● **Exercise requirements**: Starting at the line below that contains "Black Aaron Says Relax Black T-Shirt view 12" and ending at the line that contains "3-Piece Beige Patio Conversation Set U817", retype each line exactly as it stands, but omit the pictures.

● **Supplied data**:

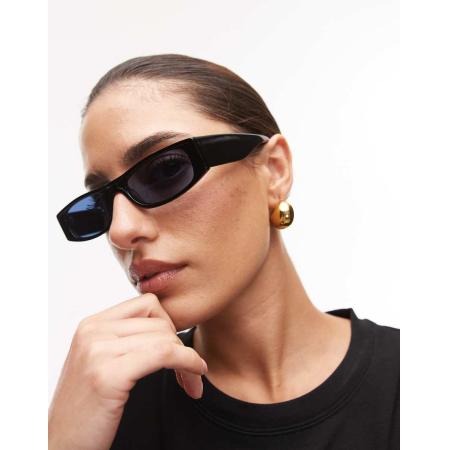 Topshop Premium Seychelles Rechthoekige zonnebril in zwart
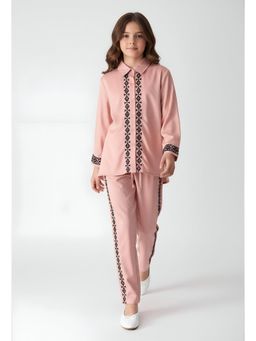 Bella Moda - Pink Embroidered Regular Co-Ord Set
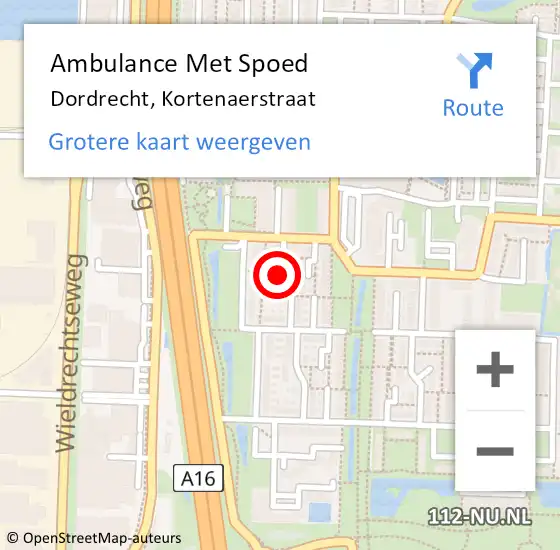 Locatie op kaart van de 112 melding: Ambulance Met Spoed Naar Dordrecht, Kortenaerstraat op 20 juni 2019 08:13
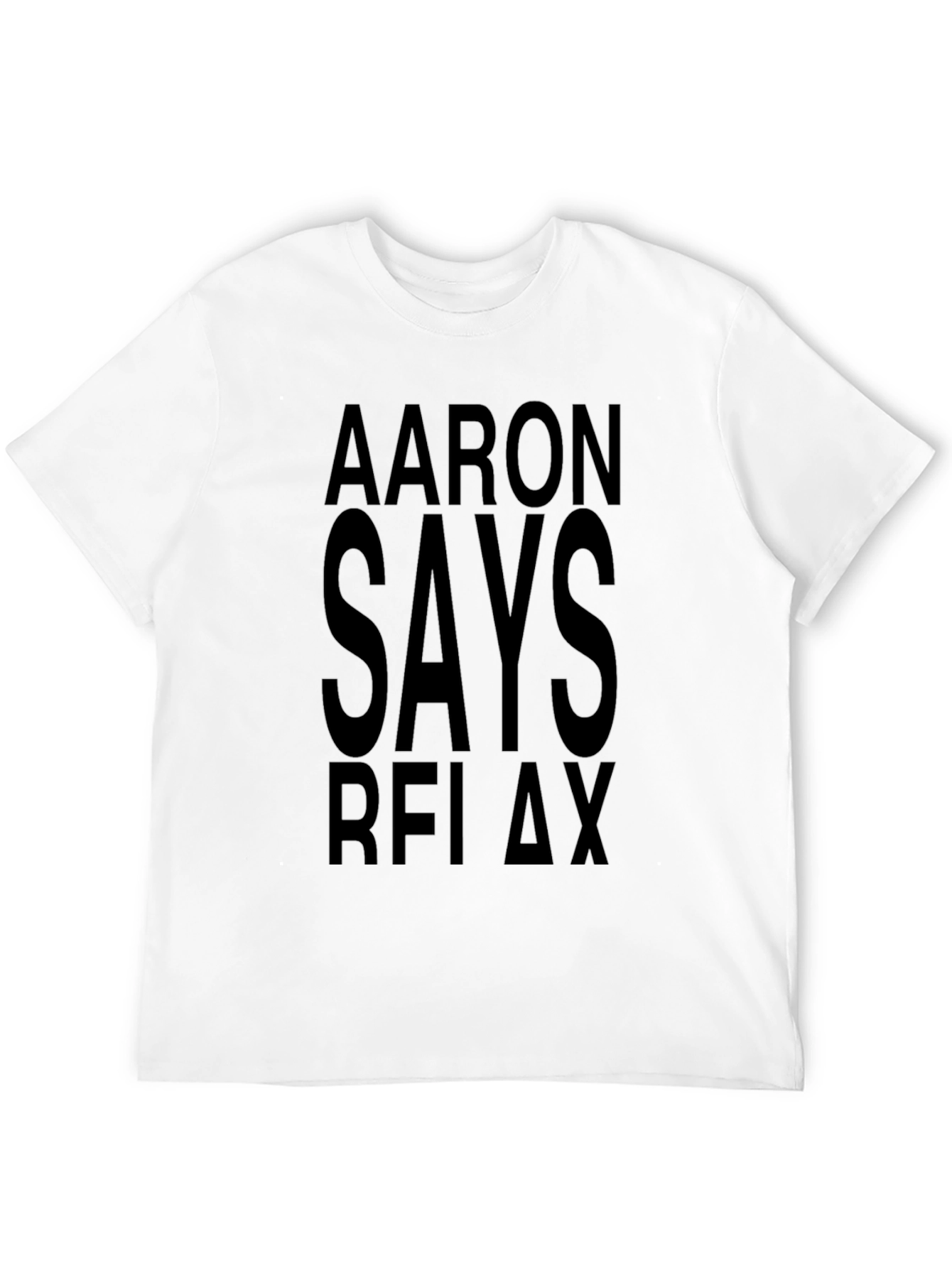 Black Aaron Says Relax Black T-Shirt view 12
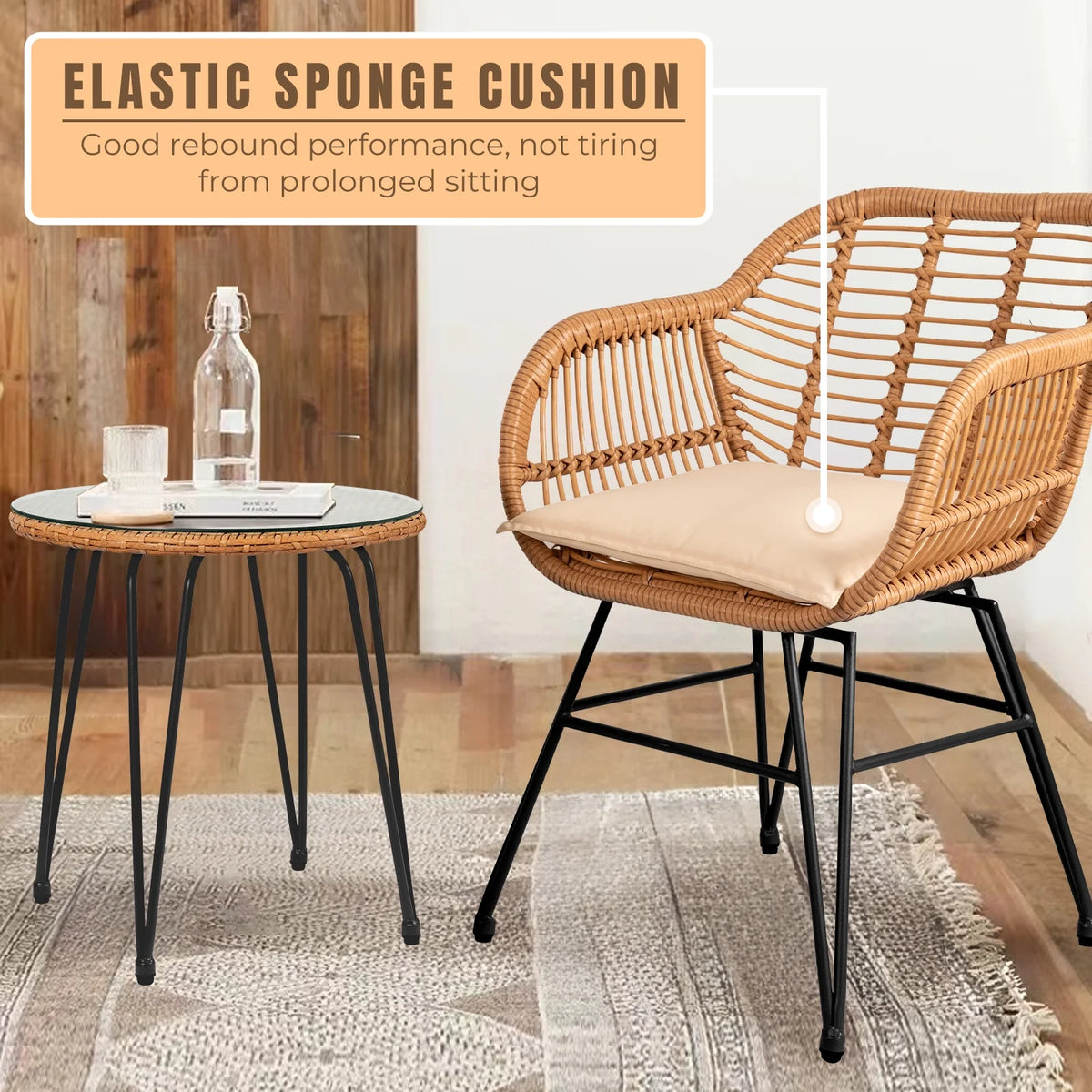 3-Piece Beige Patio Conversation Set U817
--
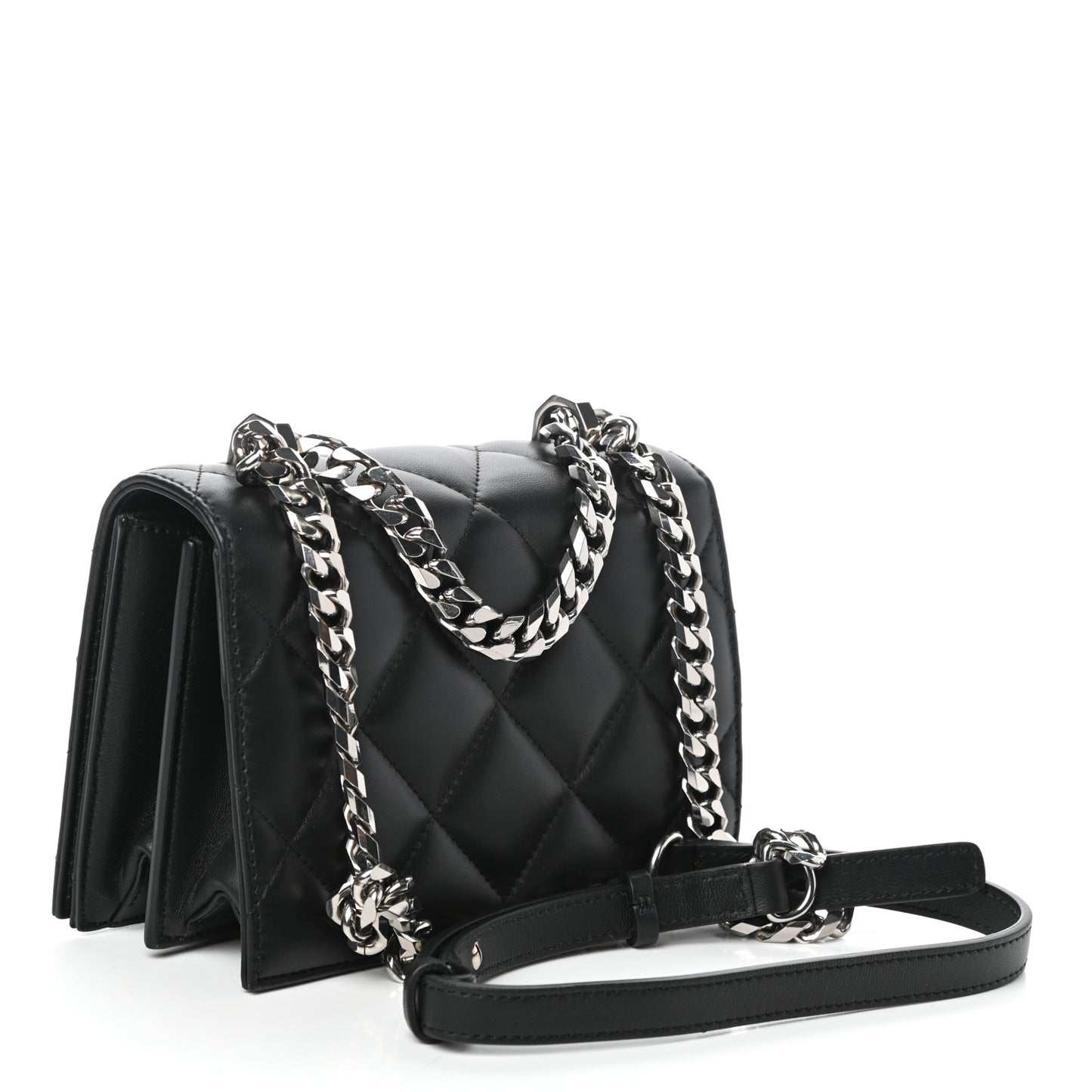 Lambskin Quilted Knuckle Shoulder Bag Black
---
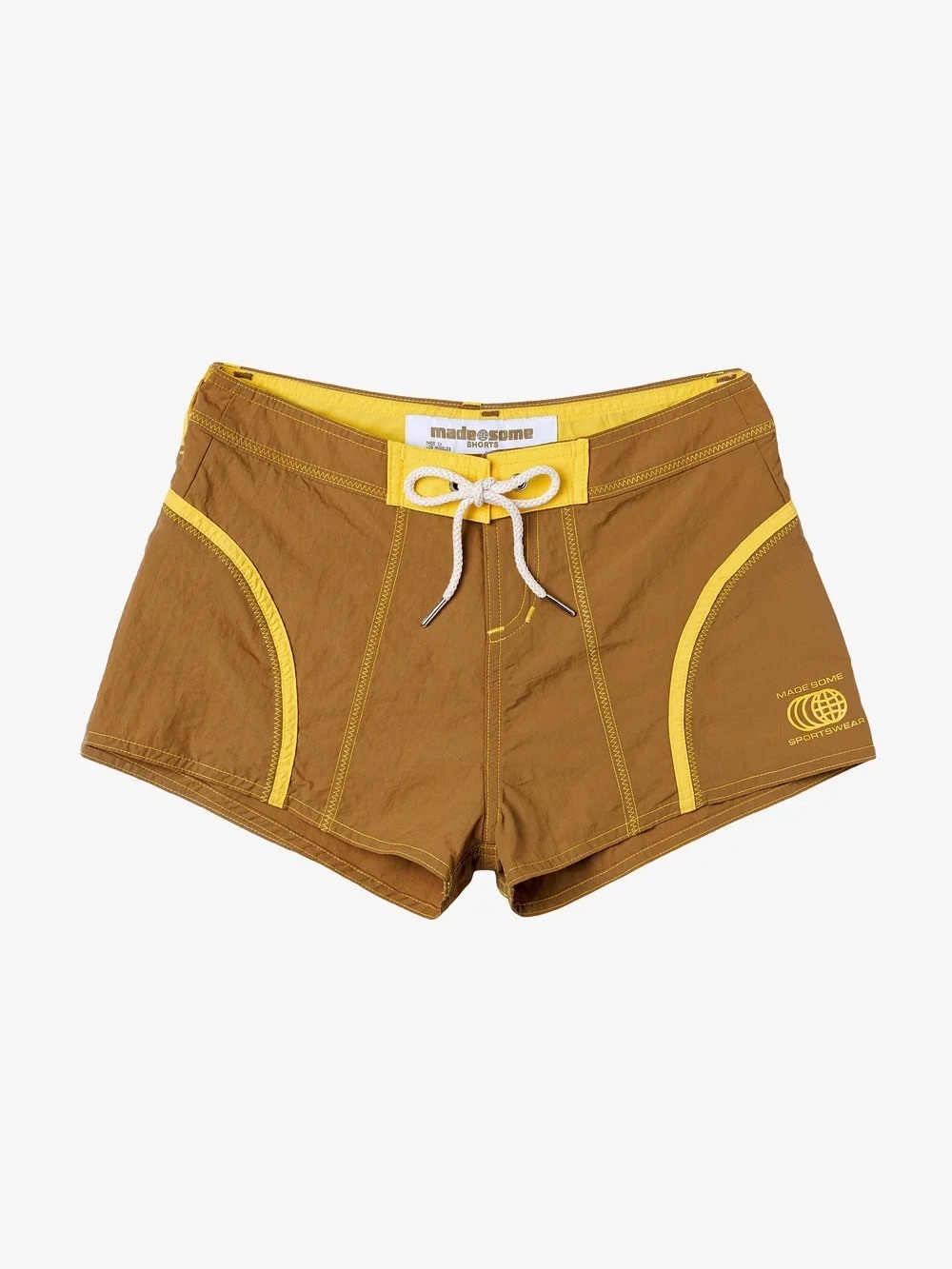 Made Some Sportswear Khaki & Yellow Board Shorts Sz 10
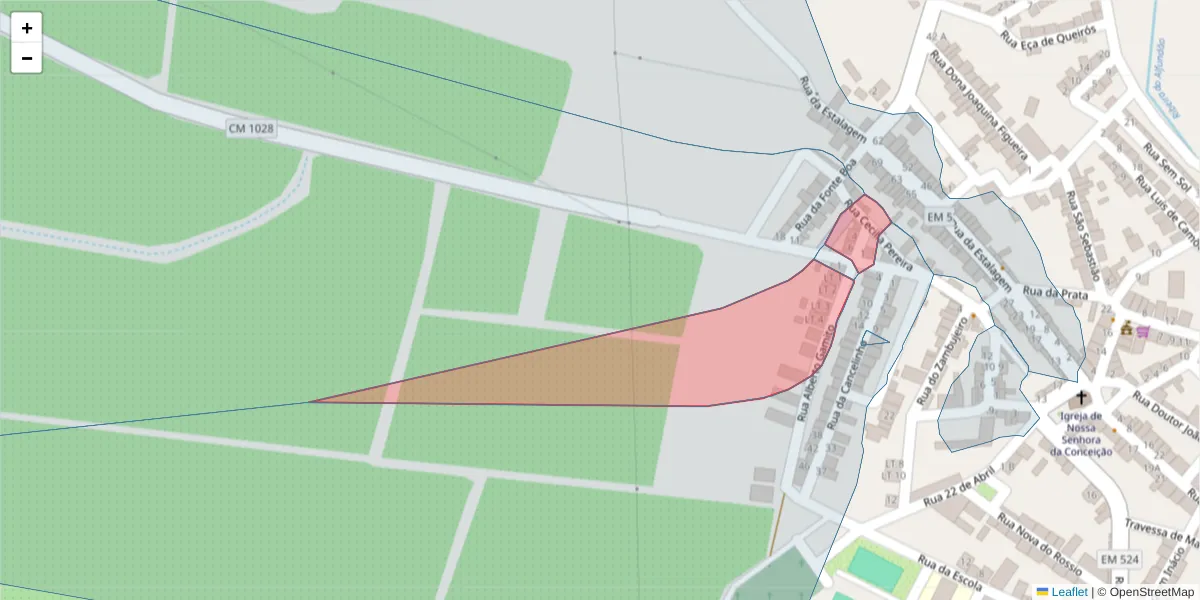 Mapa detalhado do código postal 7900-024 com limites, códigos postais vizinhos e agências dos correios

● **Result of the exercise**:
 Black Aaron Says Relax Black T-Shirt view 12
 3-Piece Beige Patio Conversation Set U817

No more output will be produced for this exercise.